## INSTRUCTIONS TO FOLLOW
Within the entries below, output exactly the lines between the line containing "Chunky Black Loafers with Gold Buckle Detail" and the line containing "Ling's moment Tulle", inclusive, and omit any picture.

## TASK INPUT
○ ○ ○ ○ ○ ○ ○

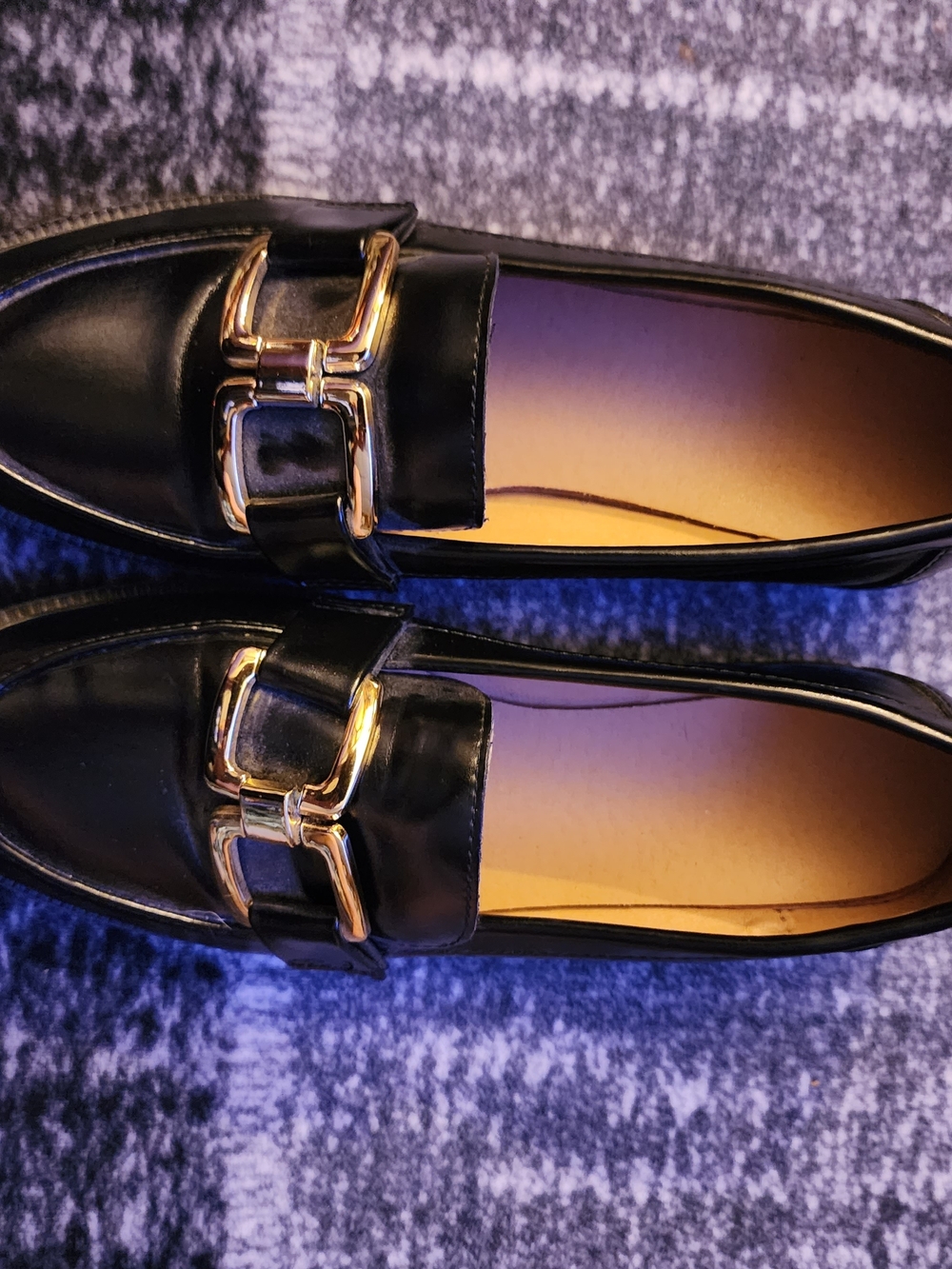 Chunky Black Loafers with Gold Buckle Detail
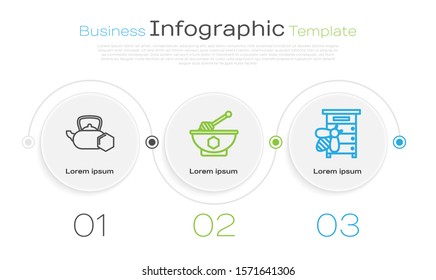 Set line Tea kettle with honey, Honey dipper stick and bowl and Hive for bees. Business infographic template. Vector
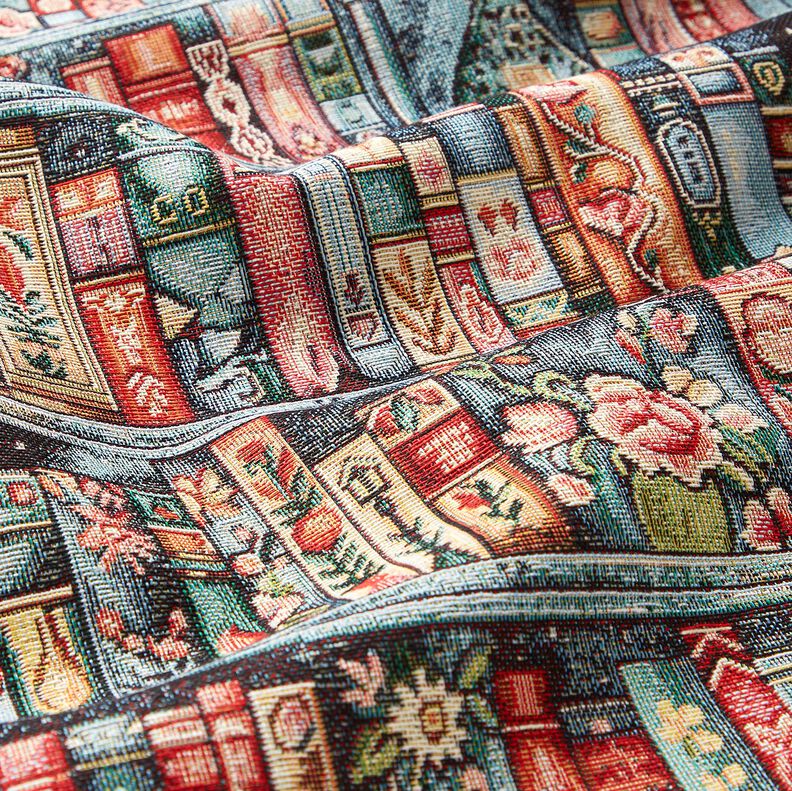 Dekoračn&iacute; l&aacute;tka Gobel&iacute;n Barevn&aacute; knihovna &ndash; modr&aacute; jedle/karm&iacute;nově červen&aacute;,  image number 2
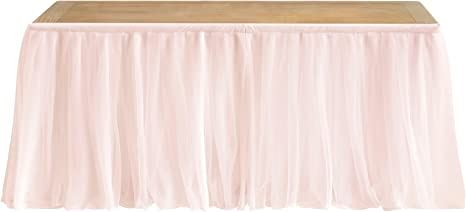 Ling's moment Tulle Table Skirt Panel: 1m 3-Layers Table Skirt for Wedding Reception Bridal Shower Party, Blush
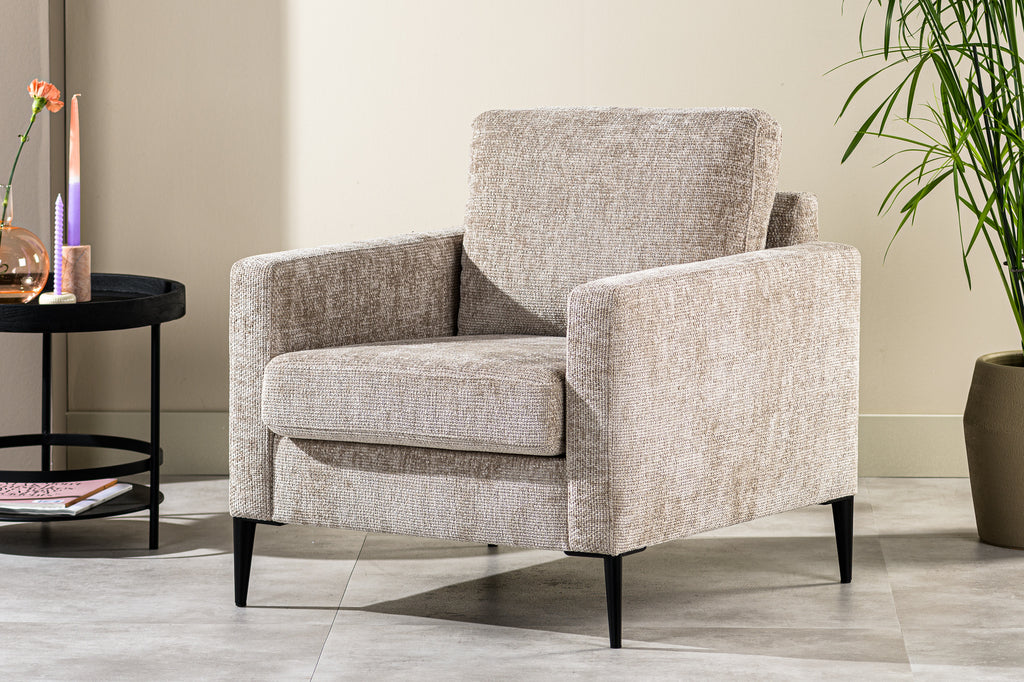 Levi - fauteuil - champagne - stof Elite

○ ○ ○ ○ ○ ○ ○

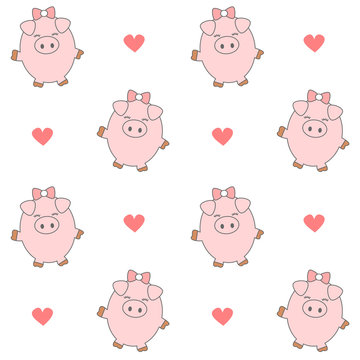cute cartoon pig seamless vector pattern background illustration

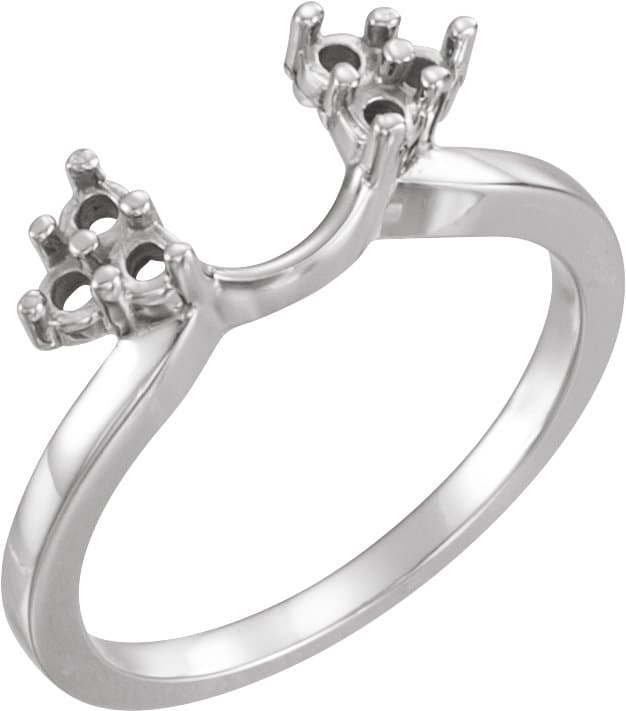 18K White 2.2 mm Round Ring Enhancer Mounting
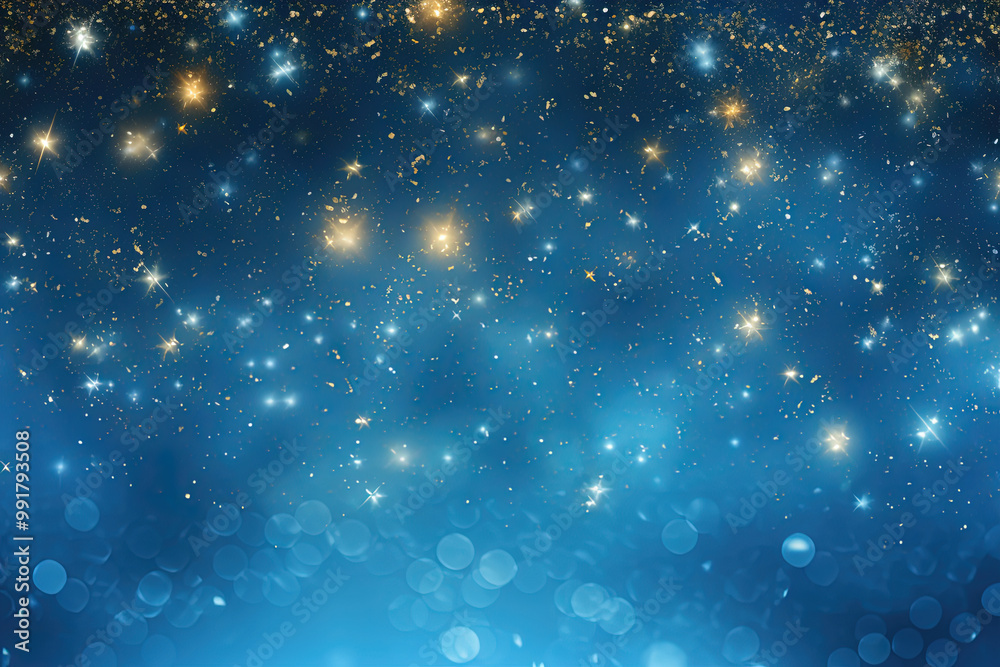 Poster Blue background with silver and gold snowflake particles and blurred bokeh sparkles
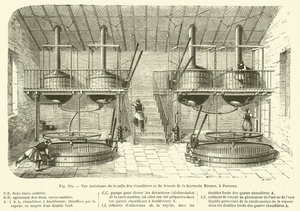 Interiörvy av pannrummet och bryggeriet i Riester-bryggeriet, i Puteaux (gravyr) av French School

○ ○ ○ ○ ○ ○ ○

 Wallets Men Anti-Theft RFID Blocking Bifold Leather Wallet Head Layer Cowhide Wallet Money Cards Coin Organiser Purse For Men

○ ○ ○ ○ ○ ○ ○

## TASK ANSWER
 Chunky Black Loafers with Gold Buckle Detail
 Set line Tea kettle with honey, Honey dipper stick and bowl and Hive for bees. Business infographic template. Vector
 Dekoračn&iacute; l&aacute;tka Gobel&iacute;n Barevn&aacute; knihovna &ndash; modr&aacute; jedle/karm&iacute;nově červen&aacute;,  image number 2
 Ling's moment Tulle Table Skirt Panel: 1m 3-Layers Table Skirt for Wedding Reception Bridal Shower Party, Blush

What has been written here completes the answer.